Tenho uma filha que completa 24 anos em dezembro e fui ao ato porque não aceitarei, jamais, em nenhuma hipótese, que ela seja julgada ou perseguida pelas suas escolhas sexuais e nem de raça. Se ela quiser namorar homens, que o faça e seja feliz. Se ela quiser namorar mulheres, que o faça e seja feliz. E se ela me apresentar um namorado (a) da raça negra, não vou pensar, de jeito nenhum, que ela escolheu um homem negro ou uma mulher negra porque ela foi mal educada. Não aceito e não aceitarei, contra ninguém, palavras discriminatórias, atos preconceituosos, atitudes misóginas. Então, fui ao ato por entender que as escolhas das pessoas precisam ser respeitadas, qualquer que seja a opção de cada um.

Mas, como sou mulher, fui também ao ato das MUCB porque entendo que homens e mulheres, ao realizarem o mesmo tipo de trabalho, devem receber a mesma remuneração.

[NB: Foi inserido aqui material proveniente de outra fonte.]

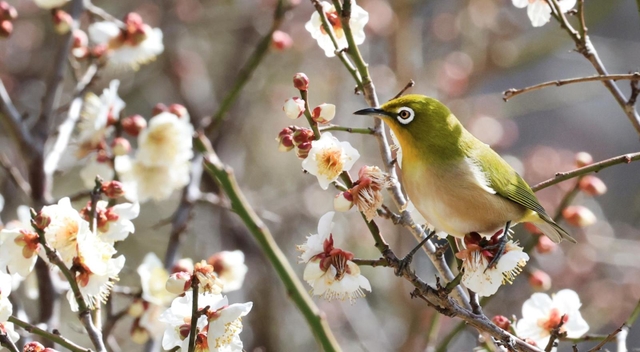 漂う早春の香り。メジロが飛び回る＝神戸市東灘区岡本６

Mulheres não devem ganhar salários menores, por exemplo, porque engravidam e por conta disso, trabalham menos em função da licença maternidade. Fui ao ato porque entendo que mulher nenhuma merece ser estuprada, seja ela bonita ou feia. E minha presença na Redenção, no sábado, ao lado de mulheres, homens e crianças, deve-se também ao fato de não concordar que o erro da ditatura foi torturar e matar pouco.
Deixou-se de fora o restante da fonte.